The only other thing that I found while searching for a solution, was a dying battery in the alarm "module" itself. The one in the trunk, passenger side behind the carpet.


Never had to investigate this, but maybe you'll be able to find a fix for your problem. :thumbup:


----------



## patoons (Jul 9, 2011)

so for a few weeks now its been working perfectly fine. kinda just fixed itself


----------



## patoons (Jul 9, 2011)

the car was acting fine for a few weeks now and just last week it started acting up again. but I think it definitely has to do with the trunk latch. if I try to open the trunk with my hand, sometimes the alarm goes off right away and I'm able to use the key to unlock. then my windows work. if that fails I use the key to open the trunk, then alarm goes off. press. key fob. or the trunk won't do anything and key fobs won't work. which means windows won't work. (why they would connect the widows to alarm is beyond me). I honestly couldn't care less about the alarm. I just want my widows to work all the time. it's like 90 degrees plus here everyday. 

I noticed a few weeks before the key and alarm issue, the key fob sometimes wouldn't open the trunk. I would hear the latch but it wouldn't pop the trunk open.


----------



## lethal6 (Feb 19, 2013)

patoons said:


> can anyone confirm if the comfort control module on an 03 audi a4 is the same part on an 04 vw passat


Not even close.

The '03 A4 part carries an 8E0 number and has 2 different ones (an early and a late model year split). The Passat carries a 1C0 part number and has 5 different ones depending on late or early model year and the options on the car (power folding mirrors, power windows on the front only, etc).


----------



## patoons (Jul 9, 2011)

I'm still having this problem. I've definitely nailed the pattern down though: 

1. key fobs don't lock/unlock car or open trunk. if I manually open the door and start the car, windows or sunroof don't work

2. if I try to open the trunk with my hand (sometimes it opens, sometimes it doesn't), then and only then will the key fobs unlock the car. then windows/sunroof work. only for that session. if I shut the car off, there's maybe a minute or so grace period after I have to open the trunk for the key fob to work again. 

when its not working, the alarm randomly goes off. just the alarm, no blinking lights. I removed the fuse for the alarm because I was tired of hearing it all day all night. 

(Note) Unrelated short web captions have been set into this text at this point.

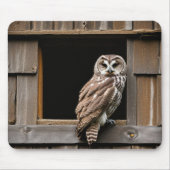 バーレッド・フクロウ マウスパッド (正面)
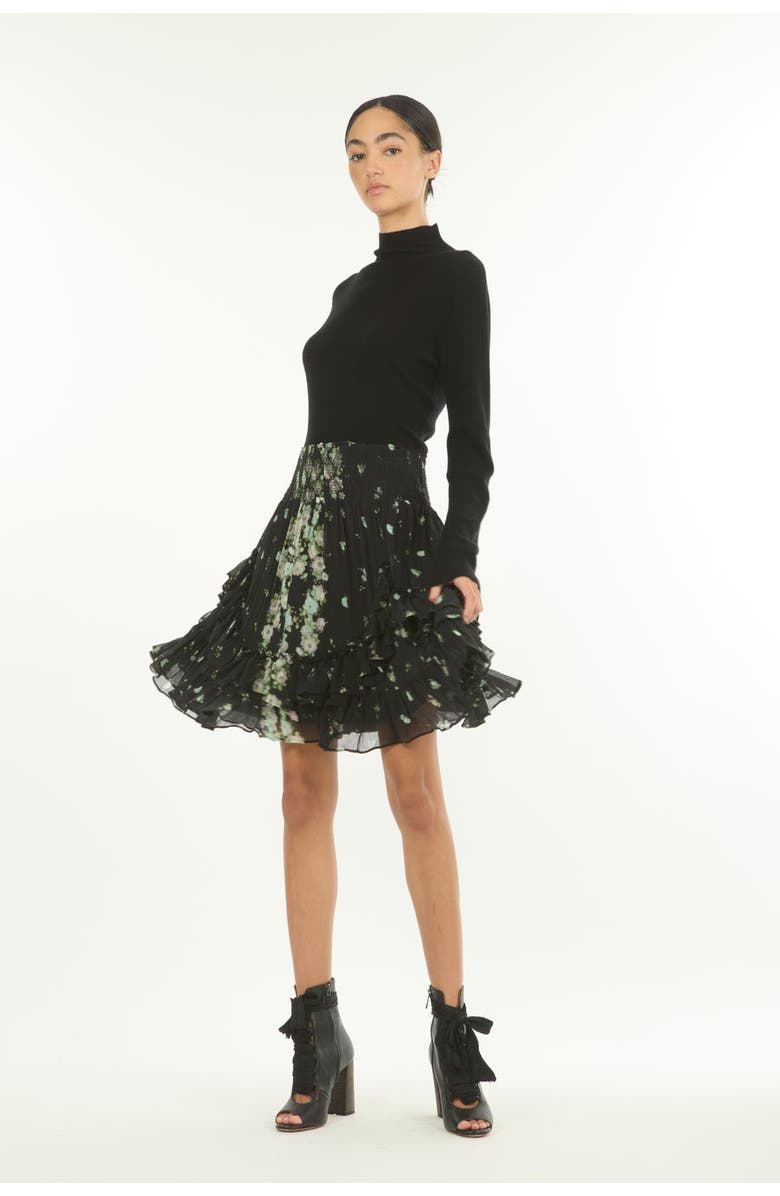 SECRET MISSION Aeria Skirt, Alternate, color, Black Floral Alley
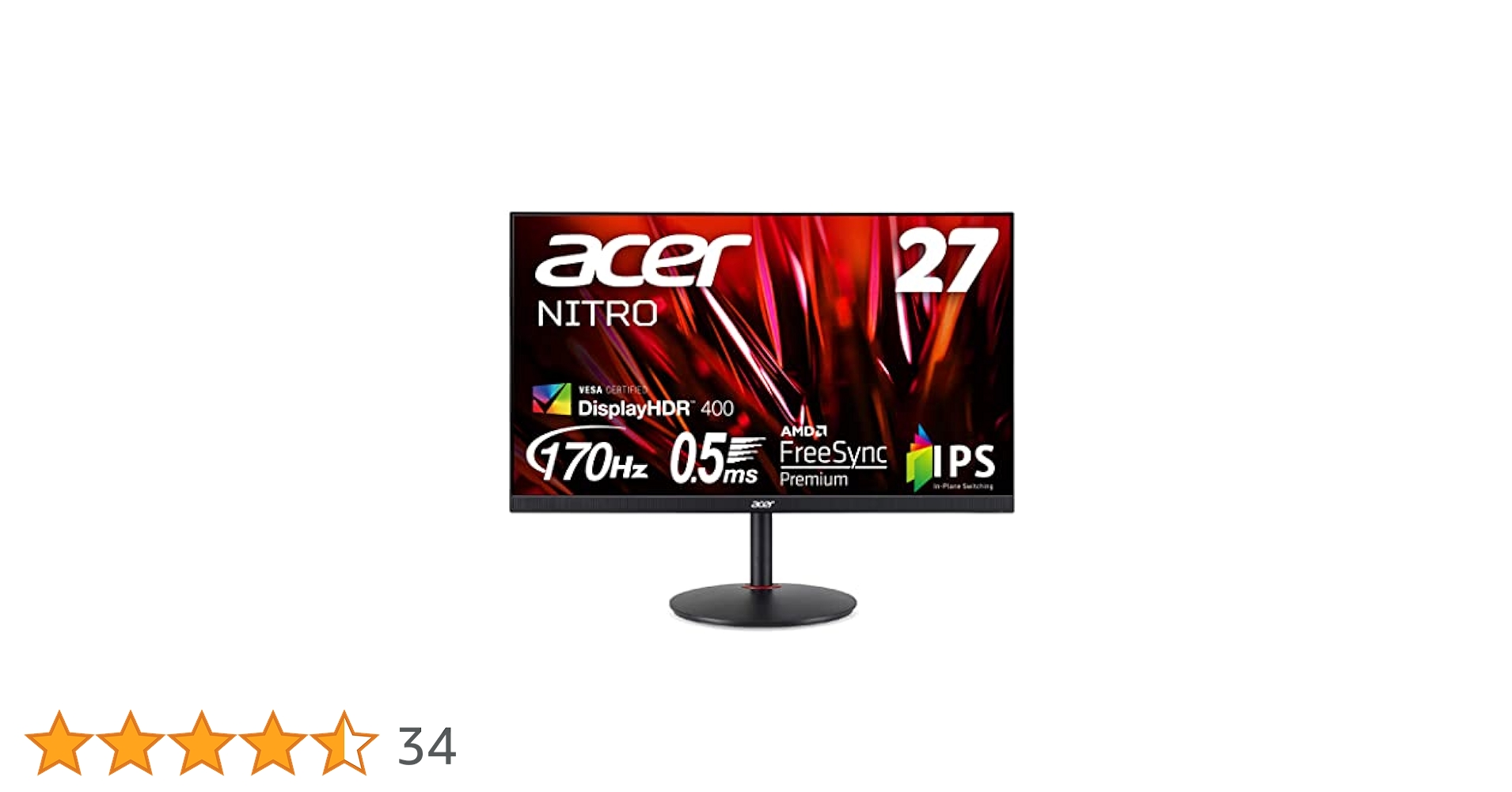 Amazon.co.jp: Acer ゲーミングモニター Nitro XV272UVbmiiprx
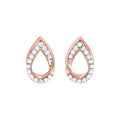 Rose Gold Diamond Earrings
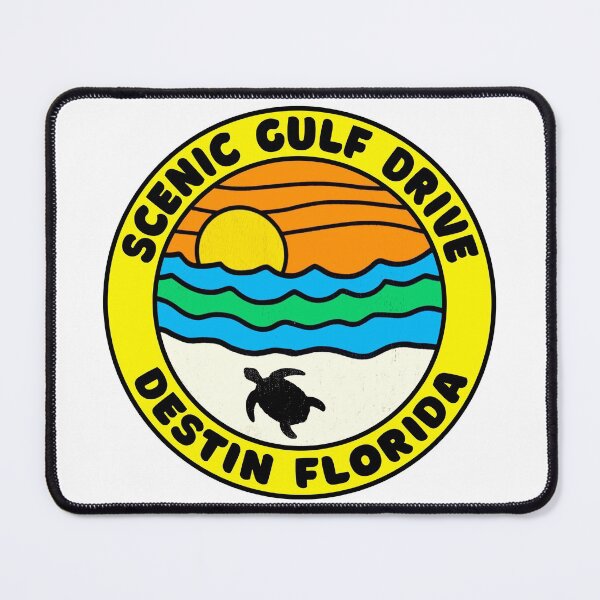 Item preview, Scenic Gulf Drive Highway 98 Destin Beach Florida Palms Panhandle Emerald Coast designed and sold by Travel Time.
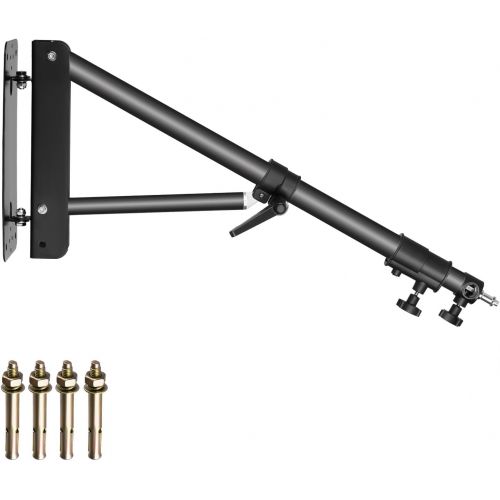 니워 [아마존베스트]Neewer Triangle Wall Mounting Boom Arm for Photography Studio Video Strobe Lights Monolights Softboxes Umbrellas Reflectors, 180 Degree Flexible Rotation, Max Length 49 inches/125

I haven't taken it somewhere to get looked at because, honestly, I'd hate to spend the $ on something like this esp considering that I get it to work anyway. just kind of annoying.


----------



## new2me (Feb 29, 2012)

My a4 had this issue and changing the battery was just a temporary fix. The only way to get the alarm to stay off was to lock the car with the door switch. If I used the fob the alarm would go off within 15min. I was told it was either a door switch or the central looking unit. I just put up with manually locking it till I traded it in.


----------



## akrazyassho (Jul 18, 2010)

This is your problem, the DLM on the doors/trunk. Good news is it is an easy fix, just takes a lot of time for your doors and some for your trunk and some automotive grade solder.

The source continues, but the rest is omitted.